- **Dataset section**
**********

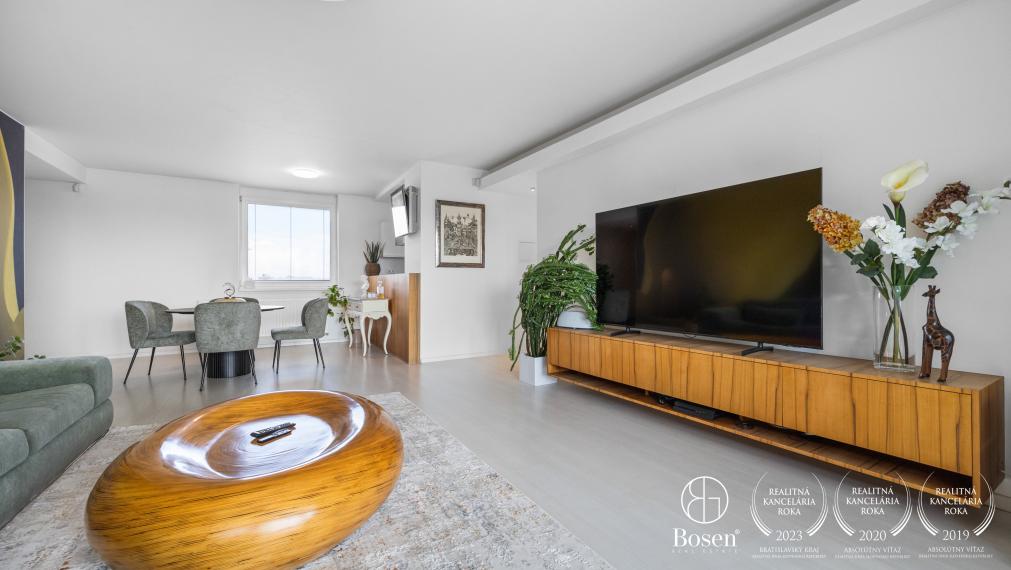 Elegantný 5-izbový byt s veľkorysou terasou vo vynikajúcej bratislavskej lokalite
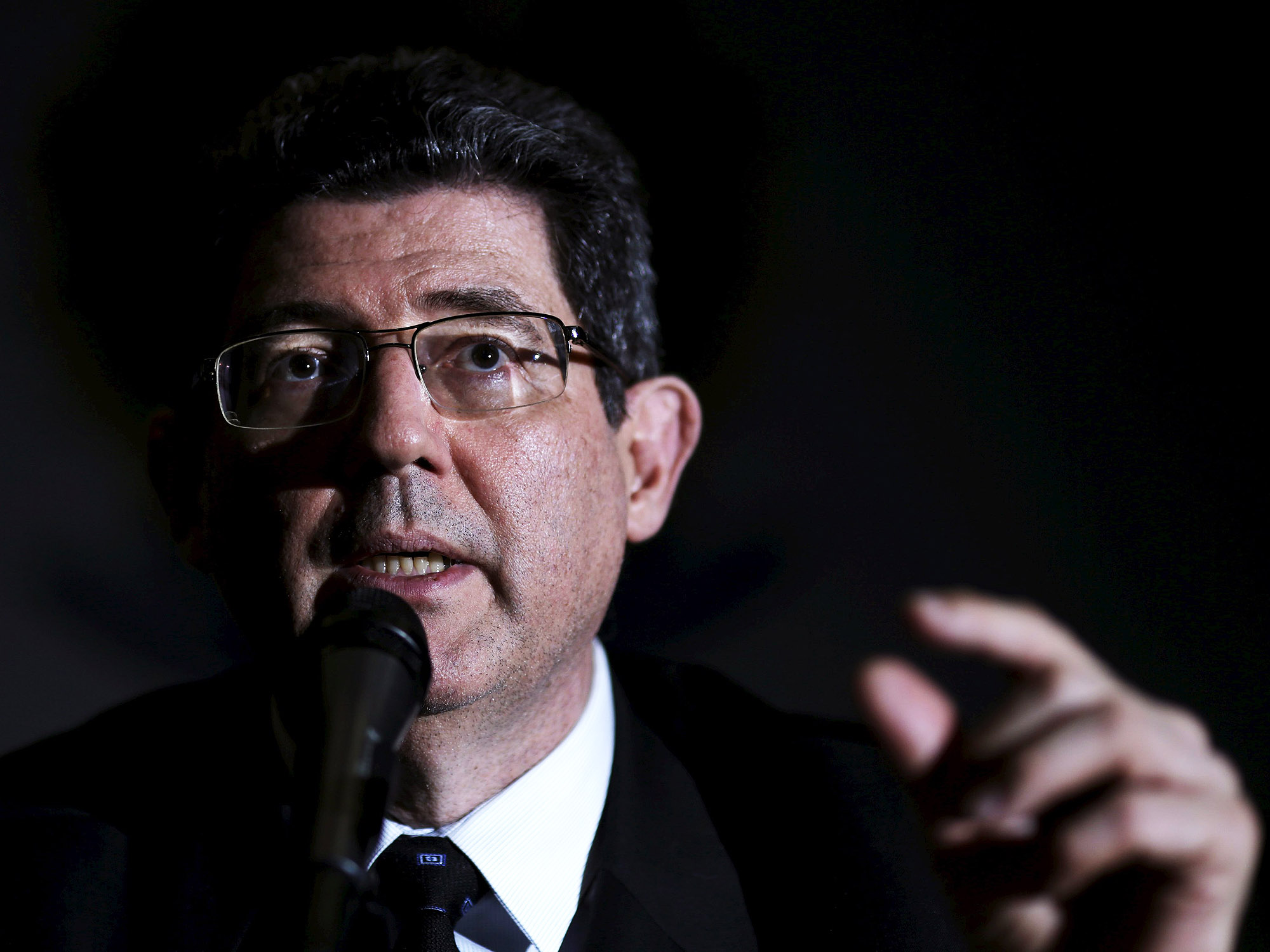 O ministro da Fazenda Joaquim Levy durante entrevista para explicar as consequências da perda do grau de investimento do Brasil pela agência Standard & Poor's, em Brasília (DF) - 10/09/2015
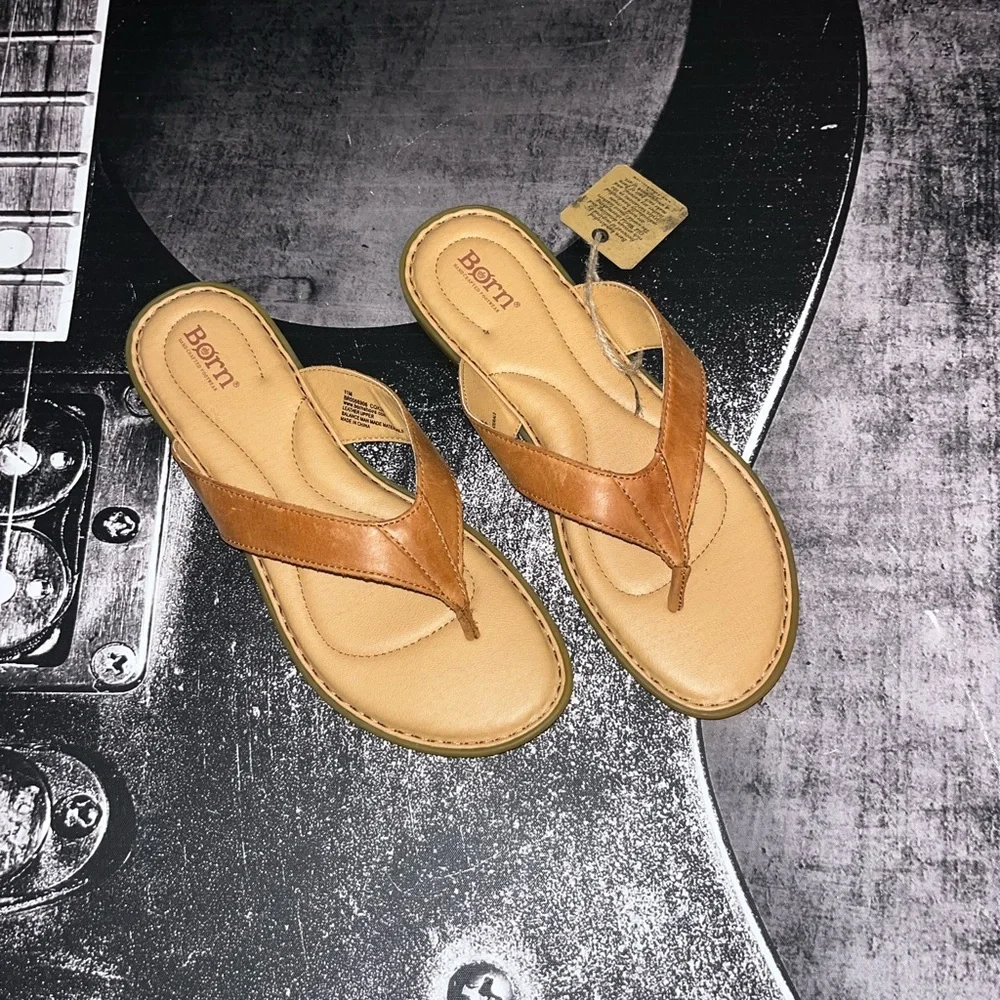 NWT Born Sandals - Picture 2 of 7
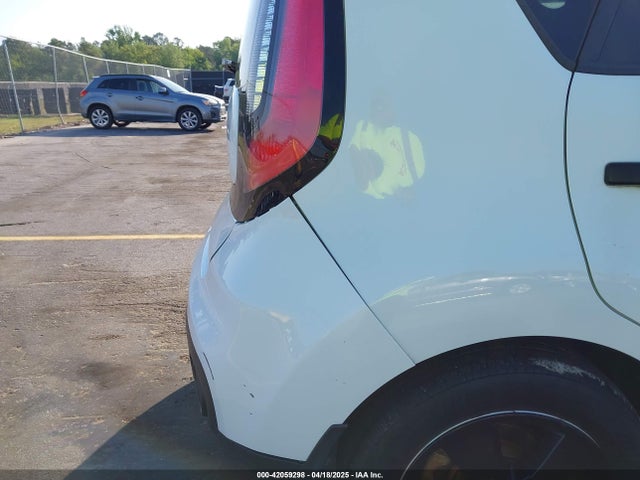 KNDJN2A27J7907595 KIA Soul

**********

- **Exercise details**
All of the material should be reproduced exactly, apart from the pictures.

- **Exercise answer**
 Elegantný 5-izbový byt s veľkorysou terasou vo vynikajúcej bratislavskej lokalite
 O ministro da Fazenda Joaquim Levy durante entrevista para explicar as consequências da perda do grau de investimento do Brasil pela agência Standard & Poor's, em Brasília (DF) - 10/09/2015
 NWT Born Sandals - Picture 2 of 7
 KNDJN2A27J7907595 KIA Soul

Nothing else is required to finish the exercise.